On the Problem of Finding Optimal Harmonic Periods

Abstract

Harmonic periods have wide applicability in industrial realtime systems. Rate monotonic (RM) is able to schedule task sets with harmonic periods up to 100% utilization. Also, if there is no release jitter and execution time variation, RM and EDF generate the same schedule for each instance of a task. This property decreases the jitters which happen during sampling and actuation of the tasks, and hence, it increases the quality of service in control systems. In this paper, we consider the problem of optimal period assignment where the periods are constrained to be harmonic. First, we assume that an interval is determined a priori for each task from which its period can be selected.
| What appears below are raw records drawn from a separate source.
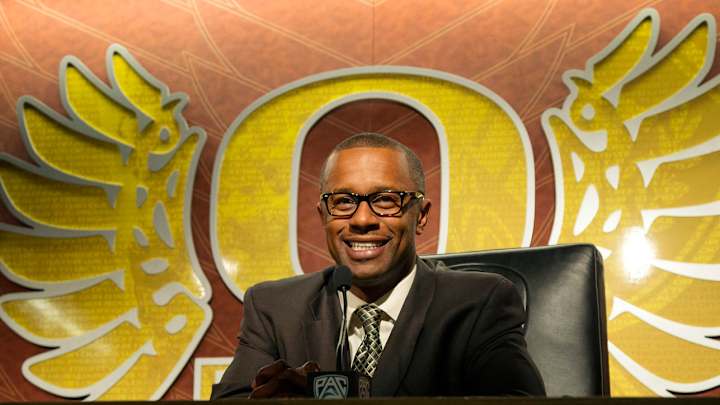 Oregon head coach Willie Taggart Oregon head coach Willie Taggart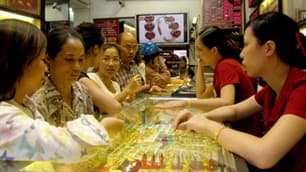 Giá vàng bất ngờ tăng cao trở lại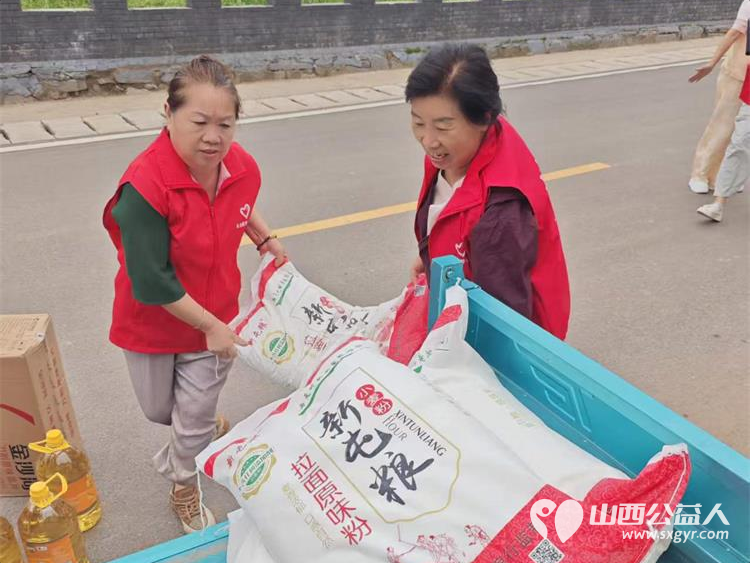 盛夏传温情公益暖人心----长治圆梦公益志愿者团队奔赴沁县徐村、东仁村开展困难家庭走访慰问公益行动为8户困境群众送去生活物资与暖心陪伴 - 第13张 - 山西公益人 盛夏传温情公益暖人心----长治圆梦公益志愿者团队奔赴沁县徐村、东仁村开展困难家庭走访慰问公益行动为8户困境群众送去生活物资与暖心陪伴 - 第13张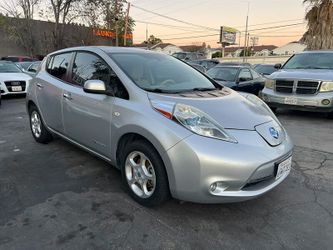 2011 Nissan LEAF SL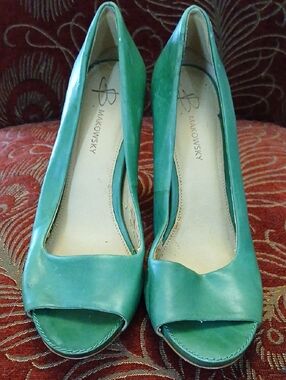 b. makowsky Teal Green Leather Peep-Toe Pumps 10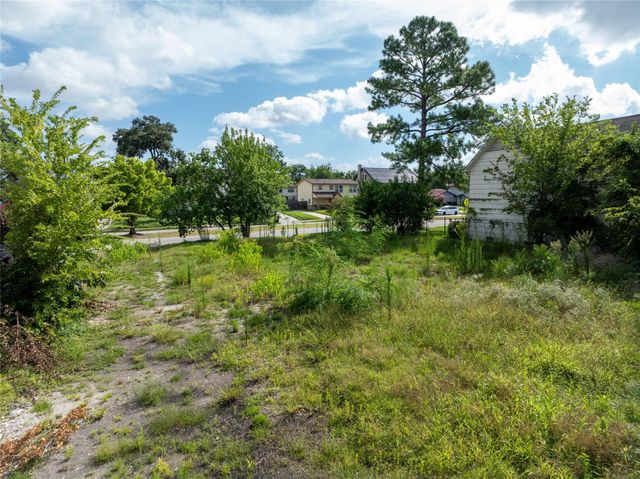 3418 Southmore Boulevard, Houston, TX 77004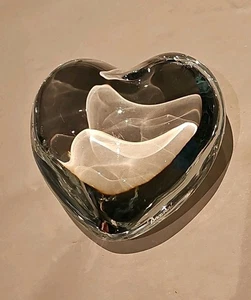BACCARAT CRYSTAL CLEAR HEART SHAPED PAPERWEIGHT SIGNED AND GORGEOUS 3" x 3" F/sh - Picture 1 of 8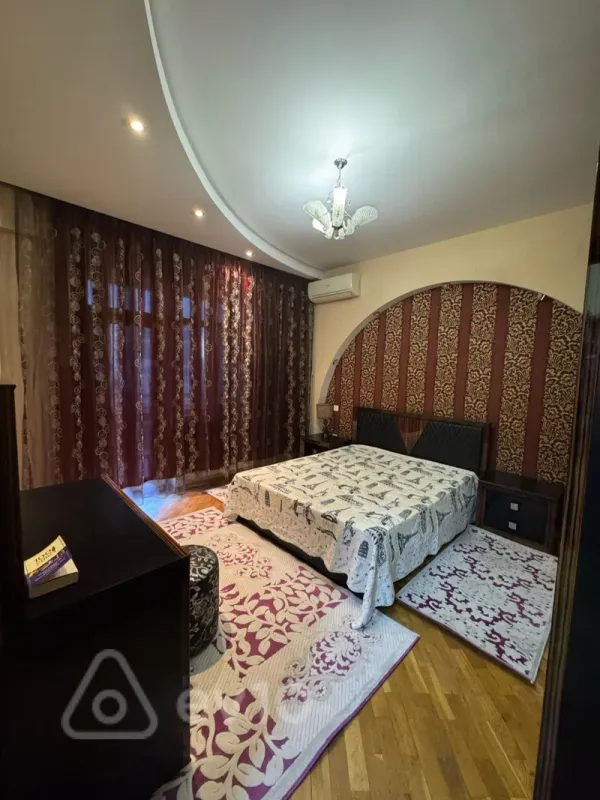 Kirayə verilir 2 otaqlı yeni tikili 100 m²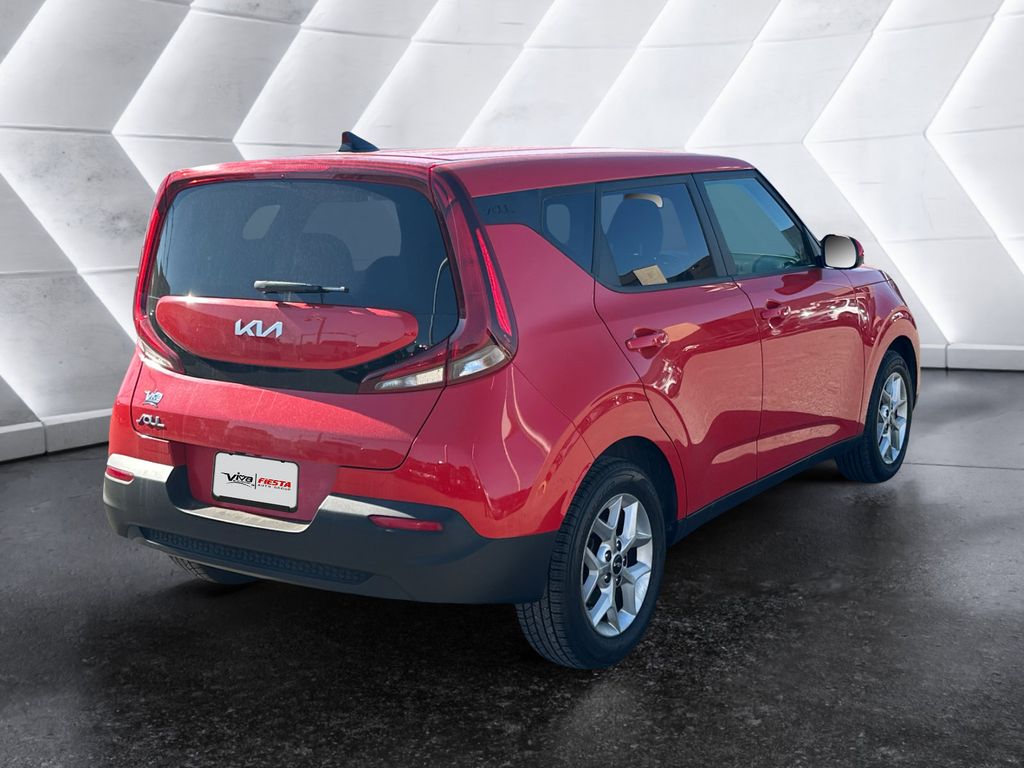2022 Kia Soul LX photo 4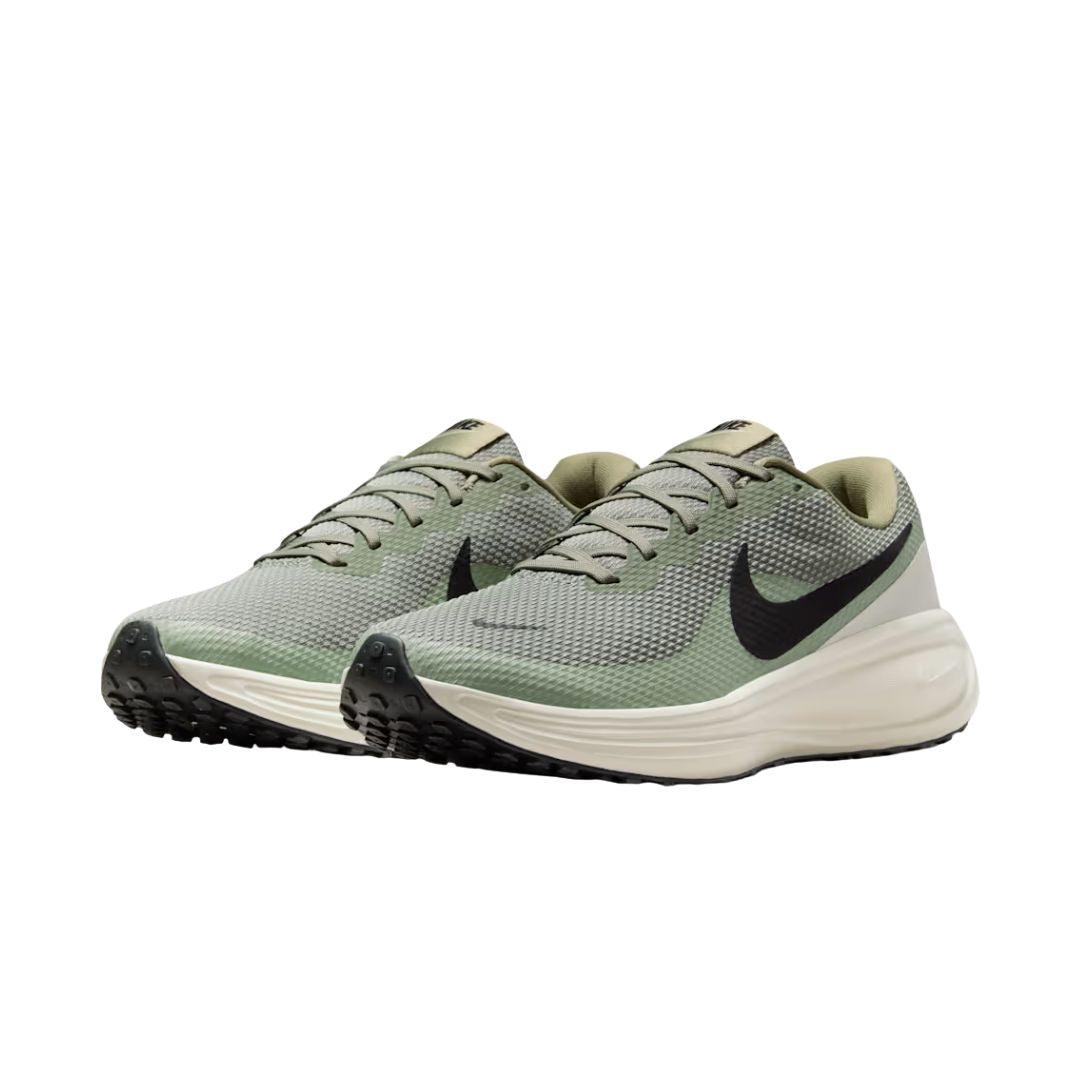 Revolution 8 Road Running Shoes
The goal is to assign a (harmonic) period to each task such that the total system utilization is maximized while the task set remains feasible. We show that this problem is (at least) weakly NP-hard. This is shown by reducing the NP-complete number partitioning problem to the mentioned harmonic period assignment problem. Afterwards, we consider a variant of the problem in which the periods are not restricted to a special interval and the objective is to minimize the total weighted sum of the periods with the same feasibility constraint. We present two approximation algorithms for the second problem and show that the maximum error of these algorithms is bounded by a factor of 2. Our evaluations show that, on the average, results of the approximation algorithms are very close to an optimal solution.